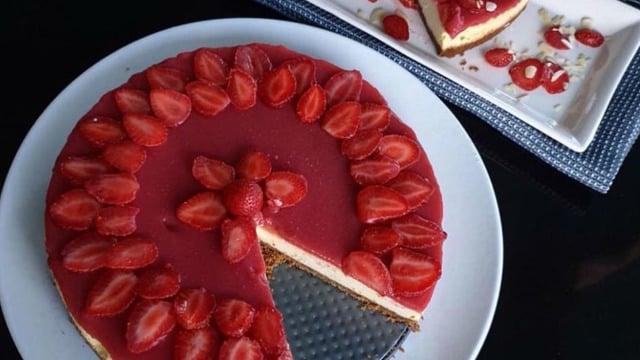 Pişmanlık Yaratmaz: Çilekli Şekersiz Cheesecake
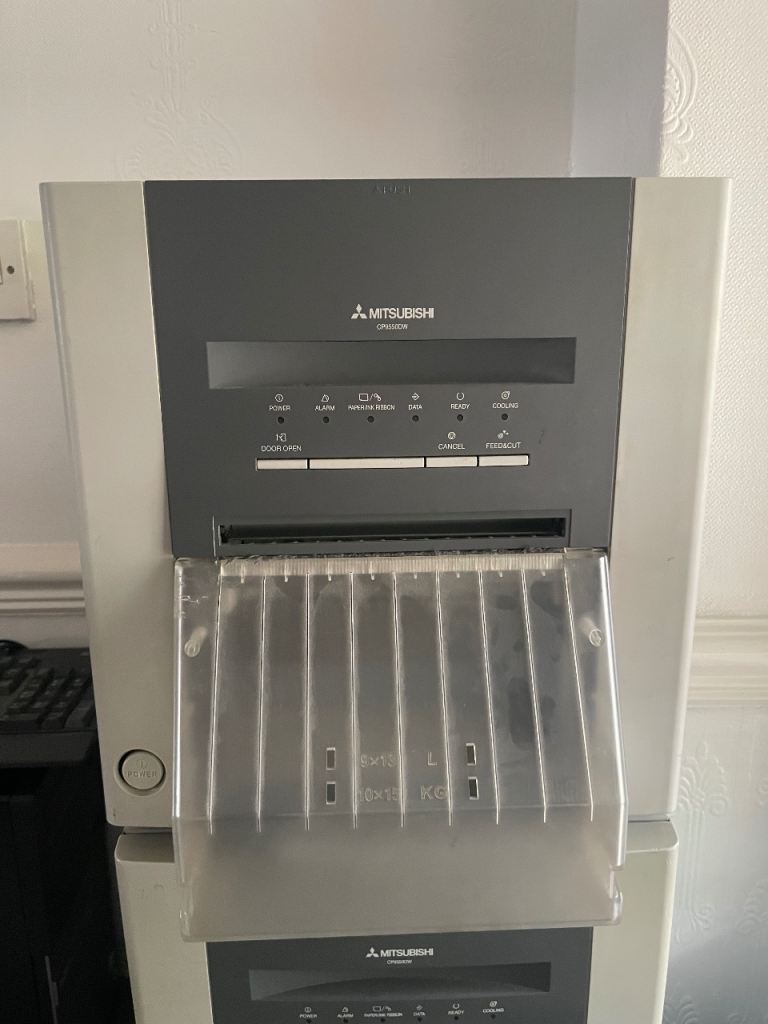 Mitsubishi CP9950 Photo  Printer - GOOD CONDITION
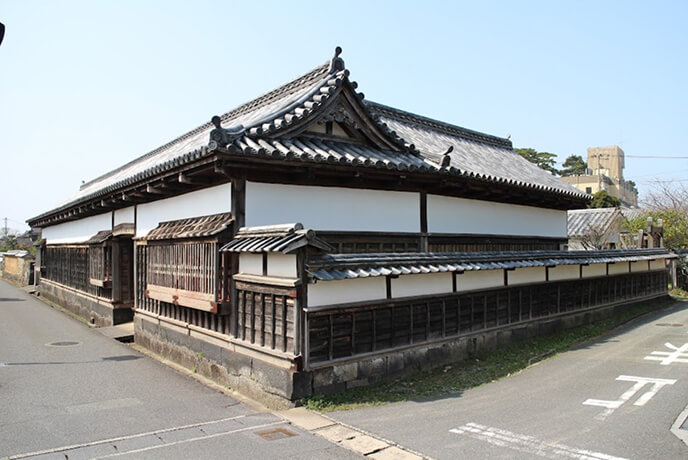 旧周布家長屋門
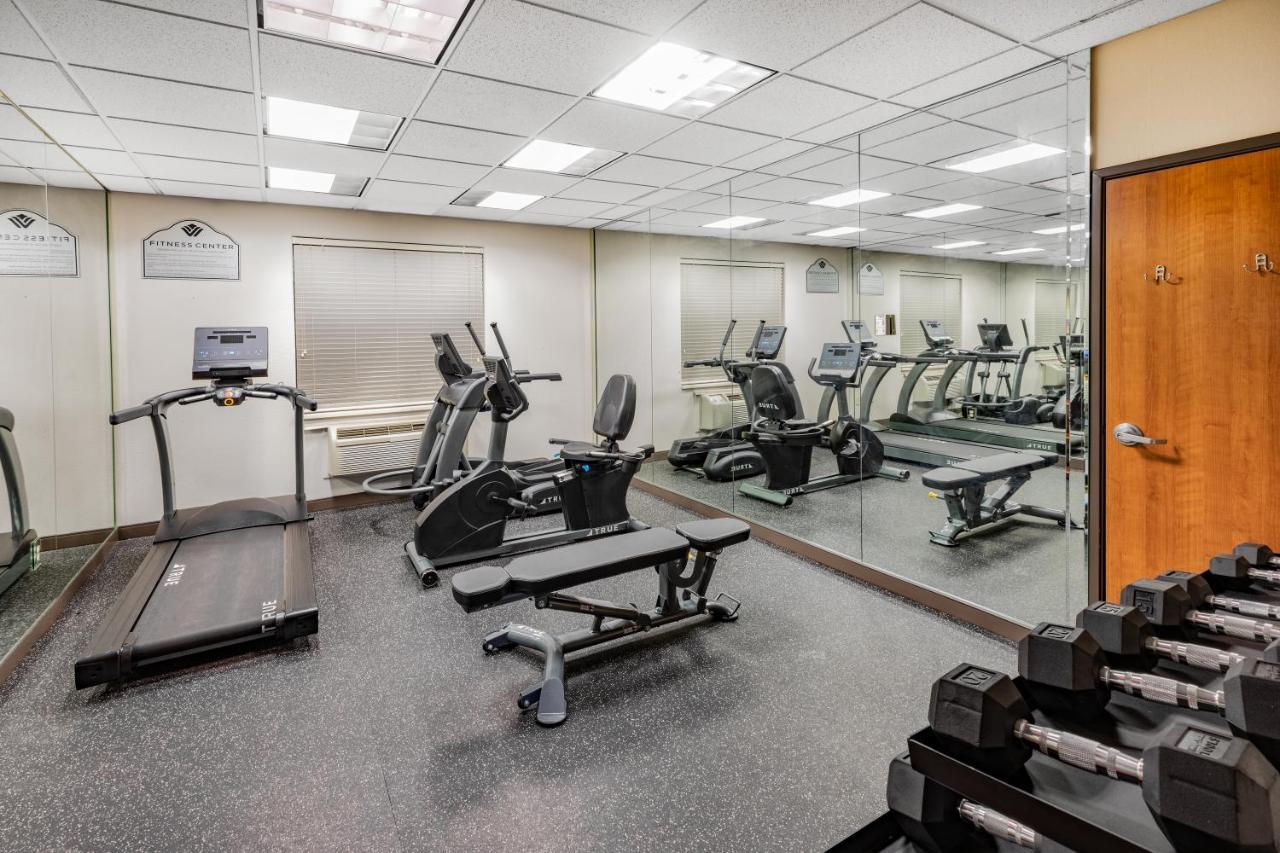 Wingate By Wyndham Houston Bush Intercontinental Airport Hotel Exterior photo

ABOUT THIS TASK
Set down all of the material word for word, minus its pictures.

ANSWER SPACE
 Pişmanlık Yaratmaz: Çilekli Şekersiz Cheesecake
 Mitsubishi CP9950 Photo  Printer - GOOD CONDITION
 旧周布家長屋門
 Wingate By Wyndham Houston Bush Intercontinental Airport Hotel Exterior photo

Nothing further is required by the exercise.